Every day, thousands of rural, small business owners across Africa are forced to close due to a lack of electricity or choose to remain open by using harmful kerosene lamps or expensive, solar-powered batteries. Same thing goes for private households. Azuri is not only enhancing safety and visibility after dark: the innovations also provide infrastructure to rural business owners who can stay open longer to benefit the community and boost sales.

Nurturing fertile crops in developing countries

Israeli-based company Netafim is behind a low-tech drip solution for small-scale farmers in primarily developing countries. The innovation increases yields while saving on water and costs. The irrigation system drips precise quantities of water and nutrients right at the root zone of crops. An elevated tank distributes the water using only gravity. The big win for farmers is that this simple and effective system minimizes the need for electricity and investments in infrastructure. The UN estimates that 500 million small-scale farmers provide over 80 percent of the food consumed in the developing world. With droughts increasing, irrigation systems are vital to sustain agriculture because they addresses water scarcity and soil erosion. The solution is commercially viable with a payback time of about a year, making it fit for microfinance projects. Today, Netafim is used in 11 countries including Mexico, Kenya and China.

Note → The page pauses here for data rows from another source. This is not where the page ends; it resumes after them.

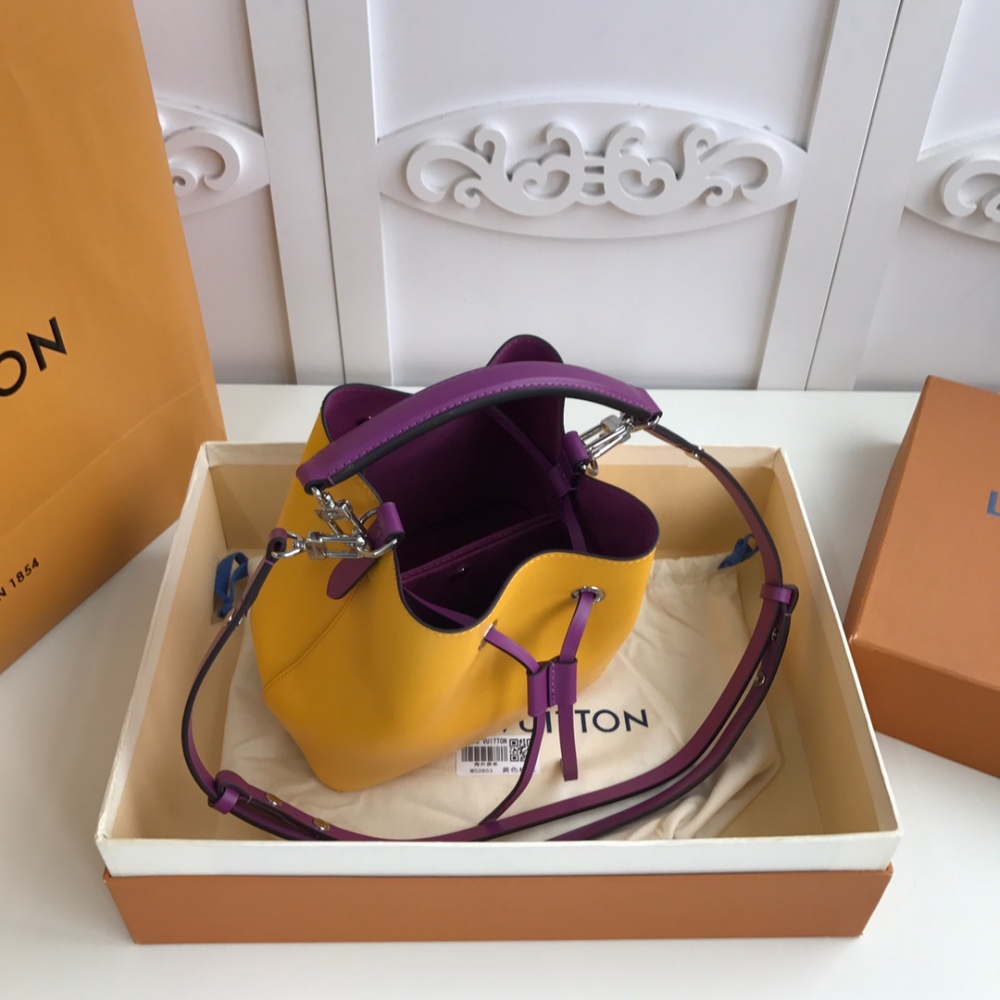 LV BB BB Epi cm  size 20.0 x 20.0 x 13.0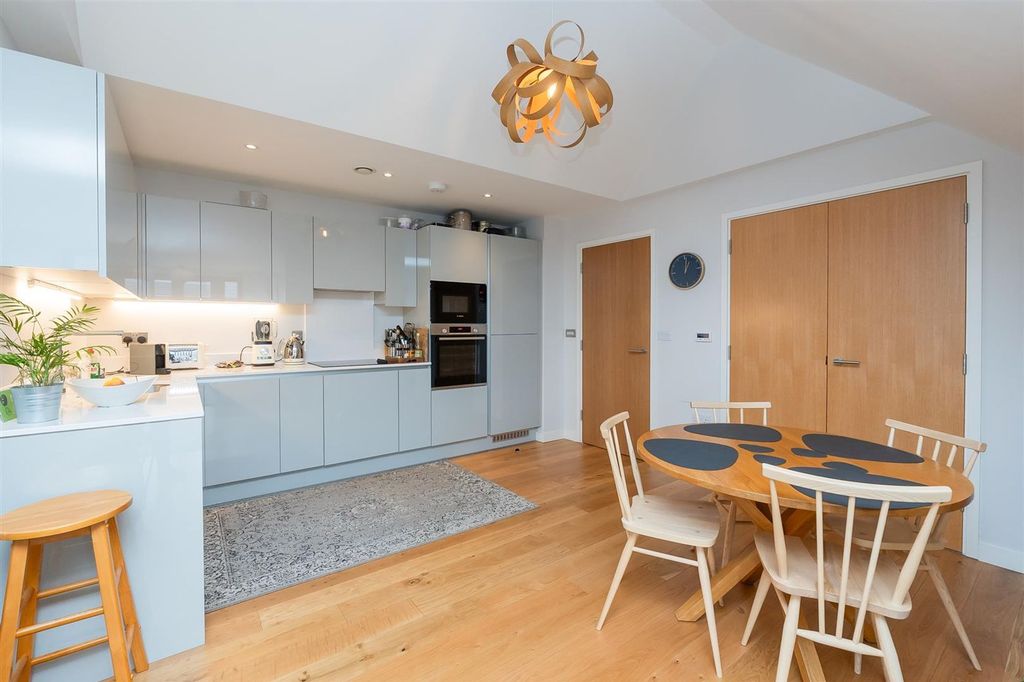 Property photo 2 of 17 30-Hope-Quay-Bs1-28.Jpg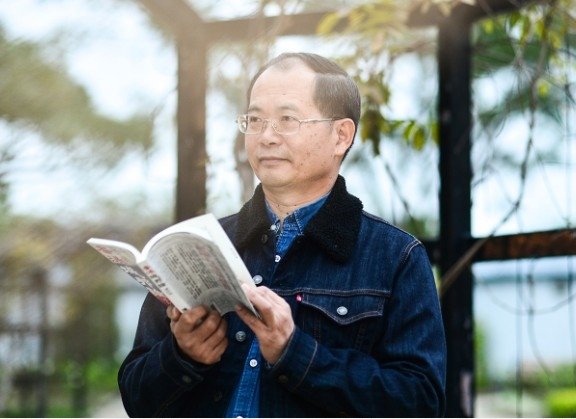 《香港城邦論》作者陳雲-香港除了國防及外交由中國負責外，內政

Innovations such as these do not stand alone. Right now, an inspiring development is taking place, where private initiatives are finding new ways to grow business models that can empower communities with the benefits of sustainability. Through visionary innovations such as these, low-income communities can also enjoy the positive health effects of waste management, smarter use of resources and the countless benefits of clean energy.